Records to use START

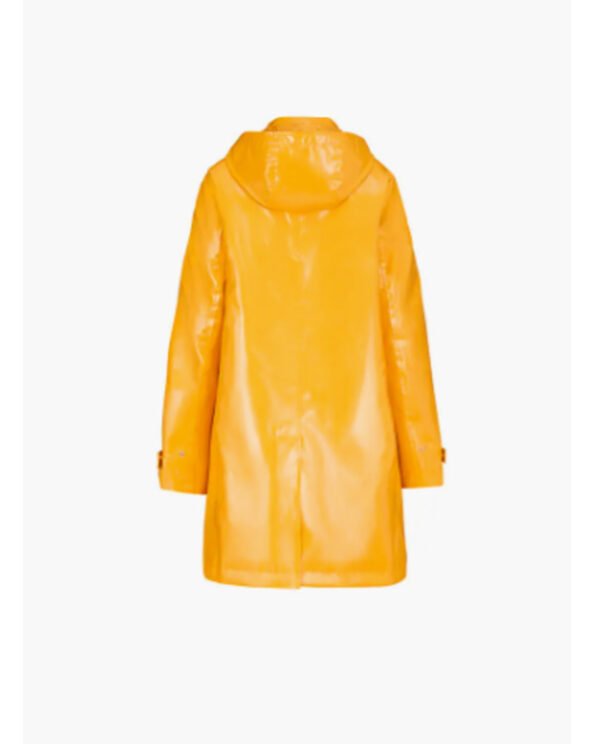 Elsbeth-S02-Carrie-Preston-Yellow-Rain-Coat2.jpg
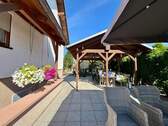 Terrasse, Blick zum Garten - 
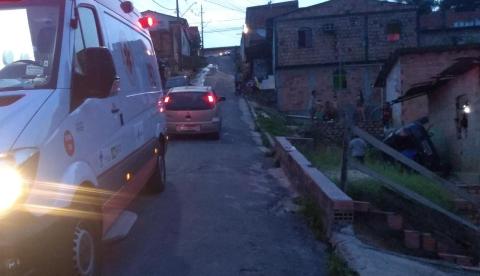 Carro de motorista de aplicativo capota e deixa cinco feridos em Manaus 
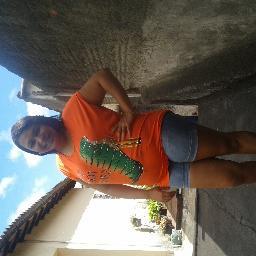 18 anos, legal, libriana, solteira, alegre, divertida, romântica, baladeira, caseira, quer saber mais, segue lá ;)
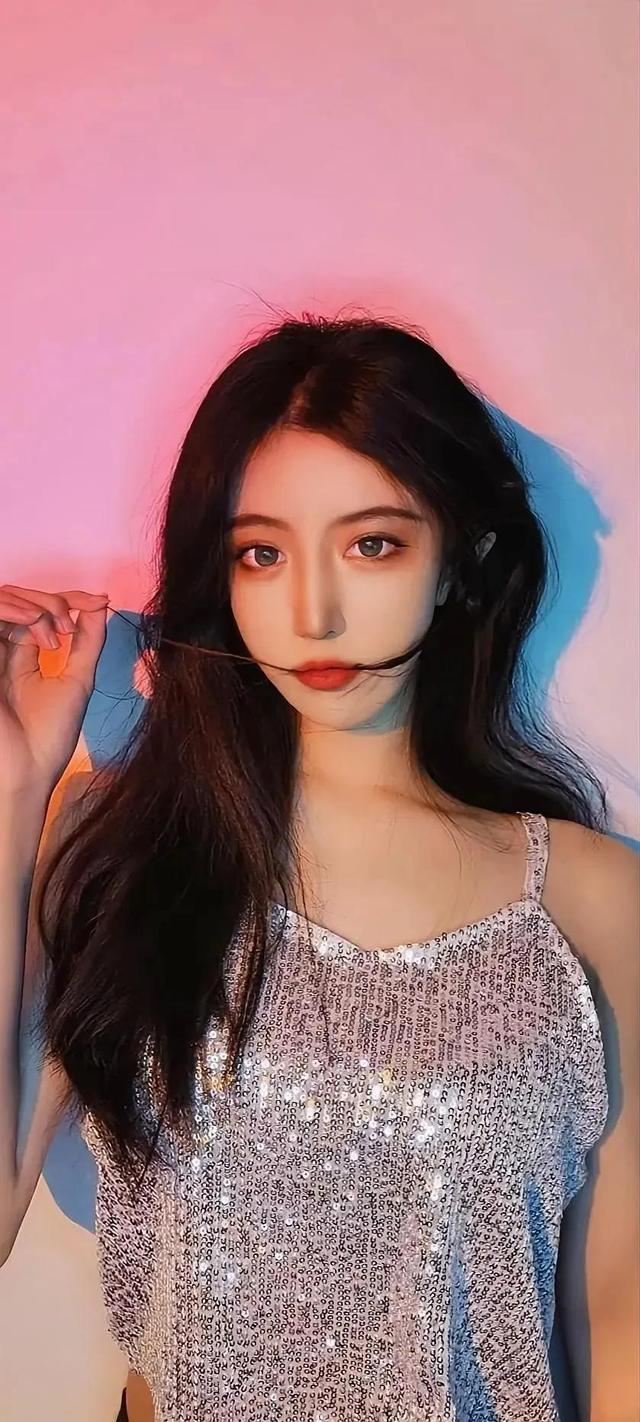 美女主播性感写真壁纸——呆妹儿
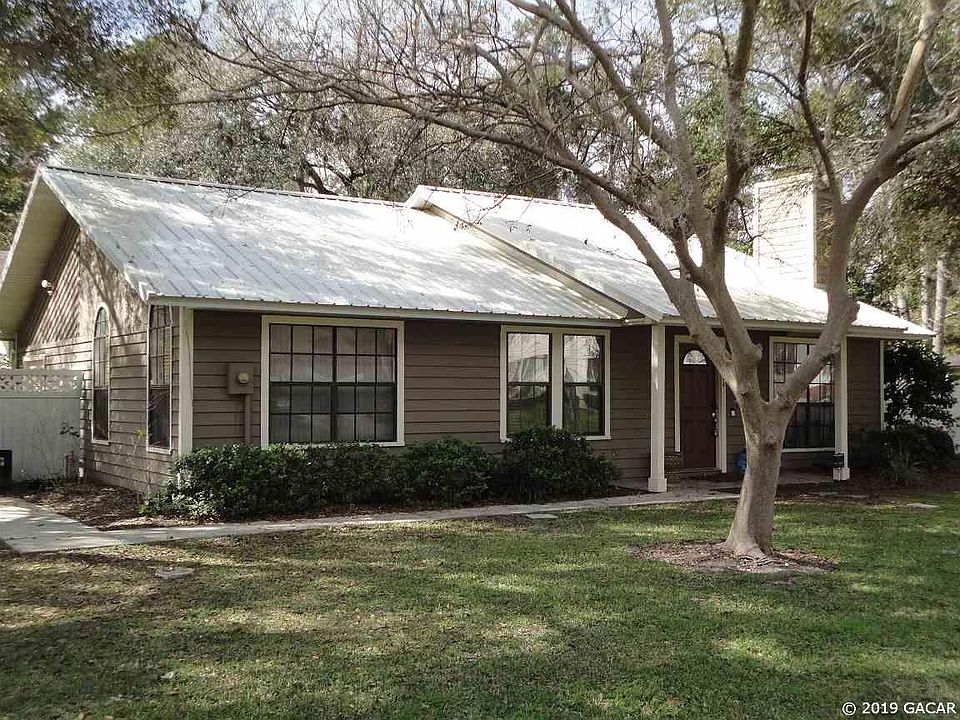 1st image of 2824 SW 38th Pl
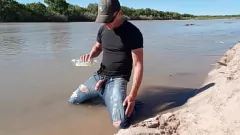 play Public pissing en cumshot in jeans op de Rio Grande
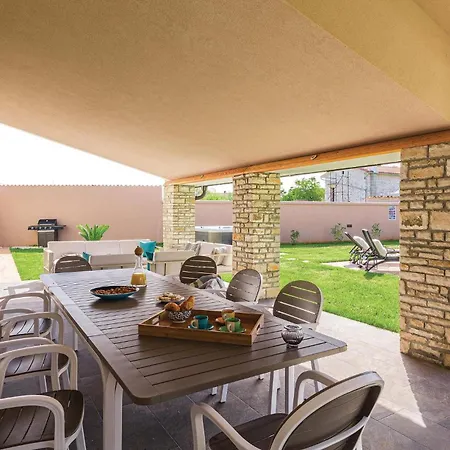 Cozy In With Outdoor Swimming Pool Holiday home Sajini
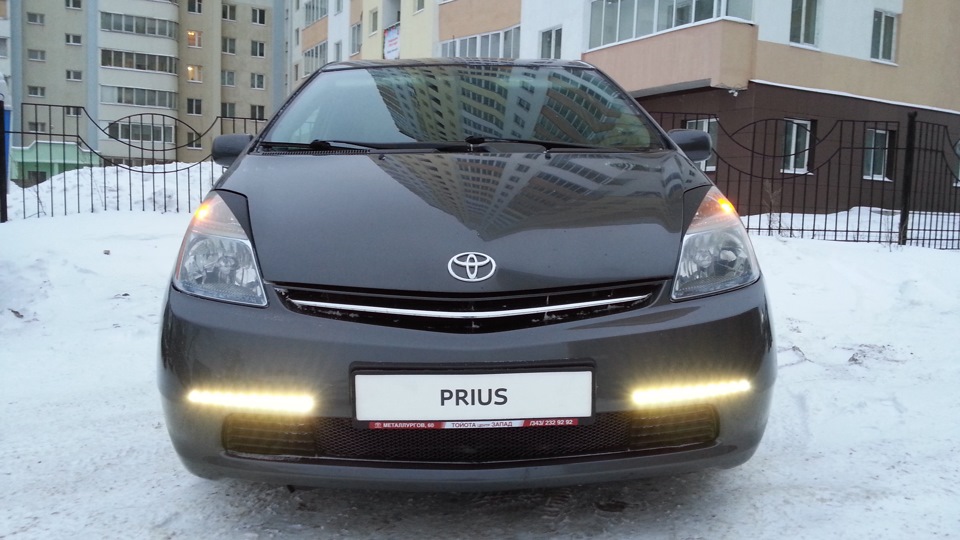 Купить фары приус. Toyota Prius nhw20. Toyota Prius 20 реснички. Prius 20 кузов. Фара Приус 20.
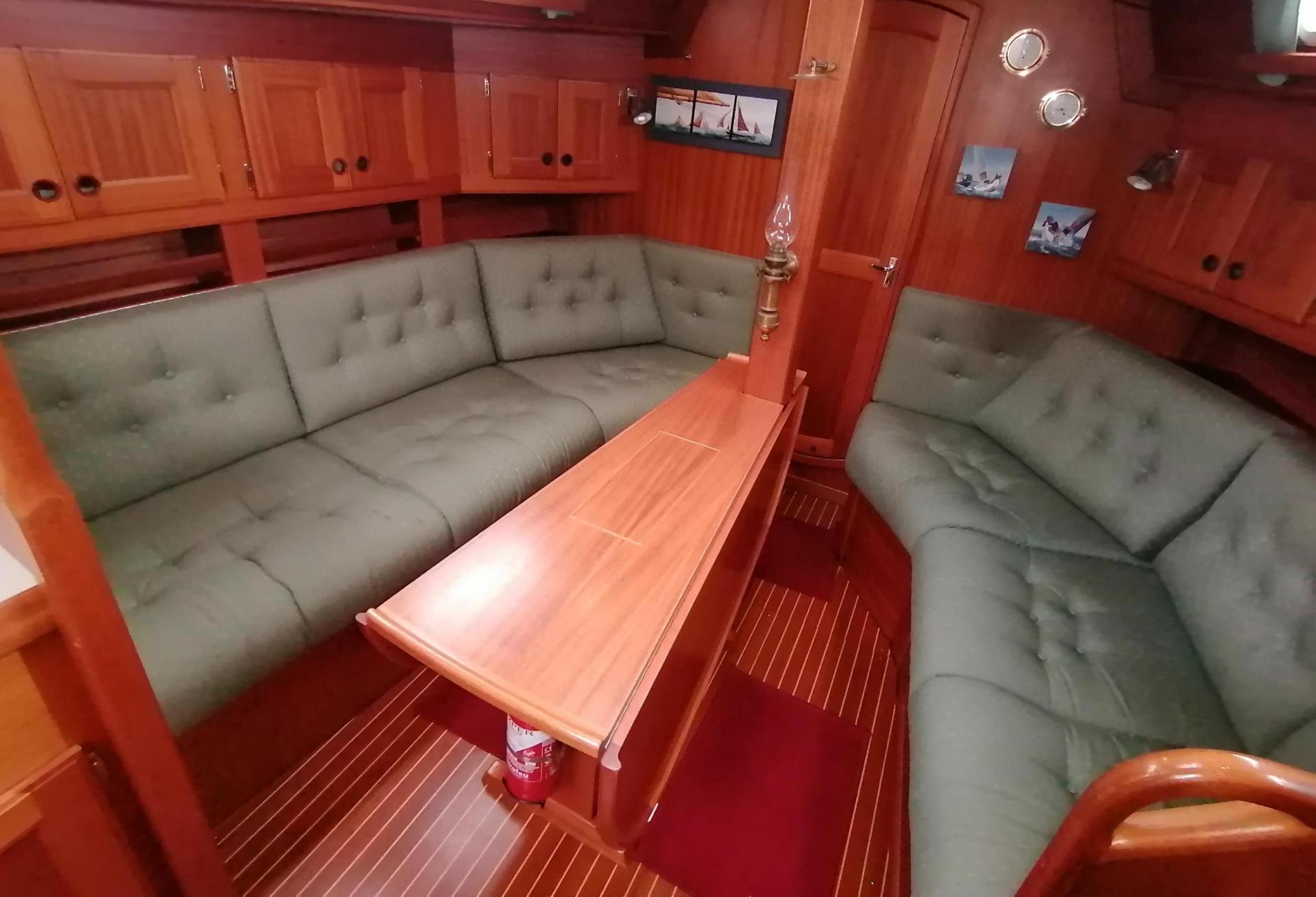 Voilier NAJAD 361 1998 interieur 2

Records to use END

- _Task objective_
Each line of the listing above must be given again exactly; the pictures are to be left out.

- _Answer section_
 Elsbeth-S02-Carrie-Preston-Yellow-Rain-Coat2.jpg
 Terrasse, Blick zum Garten - 
 Carro de motorista de aplicativo capota e deixa cinco feridos em Manaus 
 18 anos, legal, libriana, solteira, alegre, divertida, romântica, baladeira, caseira, quer saber mais, segue lá ;)
 美女主播性感写真壁纸——呆妹儿
 1st image of 2824 SW 38th Pl
 play Public pissing en cumshot in jeans op de Rio Grande
 Cozy In With Outdoor Swimming Pool Holiday home Sajini
 Купить фары приус. Toyota Prius nhw20. Toyota Prius 20 реснички. Prius 20 кузов. Фара Приус 20.
 Voilier NAJAD 361 1998 interieur 2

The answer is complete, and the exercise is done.